An intraabdominal cyst can have a very different course depending on where it originated. They may originate from the intestines, ovaries, or sometimes from the ureter.
Ovarian cysts are the most common cystic lesions in the abdominal cavity of girls. In some cases, they cause stem torsion during pregnancy, but they may shrink spontaneously.
A hole in the right side of the umbilicus causes the intestinal tract and other organs in the abdominal cavity to come out. Complications are rare, and chromosomal abnormalities and complications are rare. The prognosis is often good with postnatal surgery.
Asplenia and Polysplenia
Although people tend to think that humans are naturally left and right, there are actually parts of the human body that are asymmetrical. For example, the heart is located slightly to the left, and the stomach is also on the left. The liver is asymmetrical in shape, being larger on the right side and thinner on the left.
Asplenia and polysplenia are diseases in which the internal organs, which should be asymmetrical, are partially symmetrical. In polysplenia, the organs on the left side are bilaterally symmetrical (left isomerism), while in asplenia, the organs on the right side are bilaterally symmetrical (right isomerism ). Asplenia and polysplenia are sometimes referred to as visceral malposition. This is different from the following visceral malposition.
The structure of the heart is also asymmetrical, with the right side of the heart functioning differently from the left side of the heart. In the case of asymmetry, more than 80% of cases of asplenia and polysplenia are associated with congenital heart disease. On ultrasound examination of the fetus, the position of the stomach and the orientation of the heart should both be to the left in normal fetuses, but inconsistencies in these positions often lead to the discovery of asplenia or polysplenia. Complicated heart disease can affect the prognosis.
In addition, the spleen is involved in the immune system, which essentially protects the body, and it is said that asplenia lowers the immune function and makes the body more susceptible to infections. In cases where asplenia or polysplenia is suspected, we refer the patient to a specialist in pediatric cardiology for prenatal counseling on the condition after birth.
When the internal organs are inverted as if in a mirror, it is called Situs inversus (internal inversion).

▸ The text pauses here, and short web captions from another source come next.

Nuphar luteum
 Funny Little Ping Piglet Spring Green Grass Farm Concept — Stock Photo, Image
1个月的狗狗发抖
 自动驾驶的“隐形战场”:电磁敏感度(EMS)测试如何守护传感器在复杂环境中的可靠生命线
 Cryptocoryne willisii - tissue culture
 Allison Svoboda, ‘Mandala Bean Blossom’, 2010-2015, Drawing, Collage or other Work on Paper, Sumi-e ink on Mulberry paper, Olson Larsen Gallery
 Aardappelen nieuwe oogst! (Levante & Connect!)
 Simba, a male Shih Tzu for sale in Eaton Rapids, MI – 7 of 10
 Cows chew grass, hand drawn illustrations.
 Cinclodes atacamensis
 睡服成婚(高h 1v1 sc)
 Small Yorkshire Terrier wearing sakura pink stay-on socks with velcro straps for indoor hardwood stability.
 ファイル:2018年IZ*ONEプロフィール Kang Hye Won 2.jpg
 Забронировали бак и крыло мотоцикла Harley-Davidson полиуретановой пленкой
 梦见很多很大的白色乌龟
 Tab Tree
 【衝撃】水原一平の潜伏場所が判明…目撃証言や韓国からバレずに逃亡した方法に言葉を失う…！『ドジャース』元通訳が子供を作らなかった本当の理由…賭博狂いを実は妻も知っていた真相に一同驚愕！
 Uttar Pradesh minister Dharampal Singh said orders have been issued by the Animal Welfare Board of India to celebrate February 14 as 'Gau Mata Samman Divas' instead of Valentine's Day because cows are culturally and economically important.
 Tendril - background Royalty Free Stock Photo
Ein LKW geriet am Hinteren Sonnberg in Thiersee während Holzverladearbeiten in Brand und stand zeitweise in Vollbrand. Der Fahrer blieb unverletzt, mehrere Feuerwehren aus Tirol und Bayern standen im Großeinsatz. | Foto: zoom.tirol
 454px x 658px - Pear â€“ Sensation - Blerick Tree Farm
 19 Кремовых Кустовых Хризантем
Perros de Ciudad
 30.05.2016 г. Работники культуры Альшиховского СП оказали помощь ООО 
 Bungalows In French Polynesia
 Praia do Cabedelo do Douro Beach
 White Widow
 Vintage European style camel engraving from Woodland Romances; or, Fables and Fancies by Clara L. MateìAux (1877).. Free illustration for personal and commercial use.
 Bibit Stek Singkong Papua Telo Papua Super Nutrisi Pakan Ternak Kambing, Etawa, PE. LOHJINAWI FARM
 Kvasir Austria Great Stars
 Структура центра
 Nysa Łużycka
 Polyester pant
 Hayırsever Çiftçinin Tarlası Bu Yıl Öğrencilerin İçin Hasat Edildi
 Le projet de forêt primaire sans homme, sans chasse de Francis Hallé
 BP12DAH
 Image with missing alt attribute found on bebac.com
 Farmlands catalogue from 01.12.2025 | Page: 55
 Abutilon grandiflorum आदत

The organs of the chest and abdomen are completely inverted. In most cases, there are no complications and no need for surgery. Because the organs are completely inverted, it may not be noticed even after birth.
Extremities (Skeletal Dysplasia)
More than 100 types of congenital limb shortening have been reported. Abnormalities in the formation of ribs and other parts of the body may also be seen, and the prognosis may be poor due to lung hypoplasia. The most common types of skeletal dysplasia include thanatophoric dysplasia caused by mutated growth factore gene and osteogenesis imperfecta caused by mutations of the collagen genes.
It also includes hypophosphatasia, which has recently become treatable with enzyme replacement therapy.
In addition, there are many other skeletal dysplasia such as achondroplasia, chondrodysplasia punctata, asphyxiating thoracic dysplasia, and Campomelic dysplasia.
There are various types of each disease, ranging from mild to severe, and can be detected early in pregnancy by prenatal diagnosis, or gradually become apparent after mid-pregnancy.
In this section, we will discuss Thanatophoricdysplasia, Osteogenesis Imperfecta and Hypophosphatasia.
The definitive diagnosis of these is to confirm bone findings and gene mutations. CRIFM is able to perform genetic testing for gene mutations with CVS and Amniocentesis after detailed ultrasonography, and since we are the first in Japan to provide results, many facilities refer babies suspected of limb shortening. It can also reveal mild achondroplasia and other abnormalities.
Most of the skeletal dysplasia are de novo mutations, but some are genetic disorders of parental origin. In cases of limb dysplasia, we coordinate prenatal counseling by referring the child to a geneticist or pediatric orthopedic surgeon to discuss the condition after birth.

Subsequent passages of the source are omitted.